Rulebook Casefile: The Power and Peril of the “Put a Pin in It” Scene

As I said before, Arundhati Roy begins “The God of Small Things” by jumping all around, not landing at the book’s real 1969 timeline for 40 pages or so. As we jump around, the first scene with dialogue we get is Sophie’s funeral, which comes at the end of the 1969 timeline, not the beginning. After the funeral we see Ammu take her twins to the police station to half-heatedly try to save Velutha, but we have no idea what’s going on, and Roy doesn’t tell us (Partially because Rahel, our POV character, doesn’t understand, or wants to pretend that she doesn’t understand). The police send Ammu away, and she gets on a bus where she mysteriously says to her kids, “He’s dead, I’ve killed him.” Then we move forward again two weeks to when Estha is sent away, then we move ahead to adult-Rahel’s return, then back to Estha’s earlier adult life, etc.

The brief police station is a “put a pin in it” scene. “Remember this for later, reader, because it will finally make sense to you 300 pages from now.”

This scene could make us say “Ooh, what’s going on here with the police? Who did Ammu kill? I can’t wait to read the book and find out!” but it doesn’t really have that effect. If we had immediately jumped from Ammu saying “I’ve killed him” back to a week before, then we’d have the sense of “Good, now we’ll find out what she meant!”, but since we keep jumping forward, and then jumping around in the adult timeline for a while, we strain to keep our finger on that pin, occasionally asking ourselves, “Wait, what was going on at that police station? Will any of these events we’re seeing now make that clear?”

The trick with such scenes is to keep the reader from wondering, “Wait, was I supposed to understand that?” That’s always my problem with such scenes. Instead of thinking, “Ooh, I can’t wait to find out what was happening there!”, I always find myself thinking, “I’m so dumb for not understanding that scene. It should have been obvious to me how Ammu was killing a man in that last scene.”
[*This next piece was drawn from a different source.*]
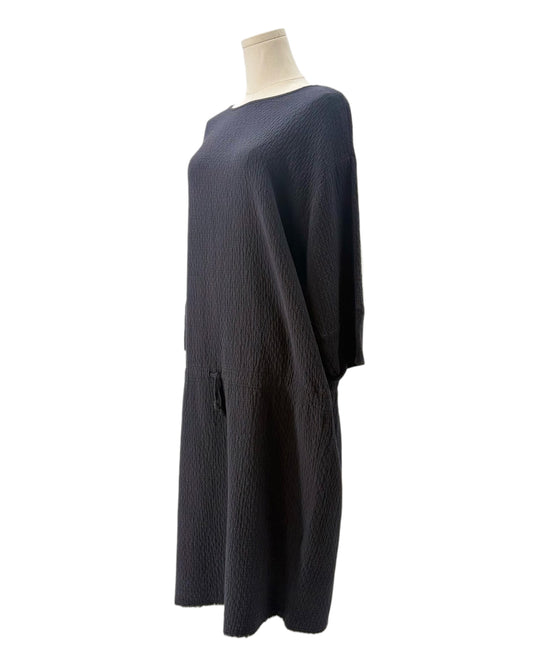 Black dress on a mannequin against a white background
How do you write such scenes so they’re clearly unclear? So that the reader will say, “Obviously I wasn’t supposed to understand that yet, and now I’m excited to later find out what was going on,” rather than “I think I was supposed to understand that, but I didn’t.” I would have appreciated a little more hand-holding. Roy could have said something like, “Rahel didn’t know what she meant, and it was only many years later she would put the events together and figure it out.” That would let us know that it wasn’t clear yet but it would be clear later.

Ultimately, Roy doesn’t seem particularly concerned with this question. This is literary fiction, and the reader is supposed to bring some hustle to the game. This is a wildly successful novel, by any measure, but nevertheless, if I’d been giving her notes, I would have begged for just a tiny bit more help, making it clear that it was unclear.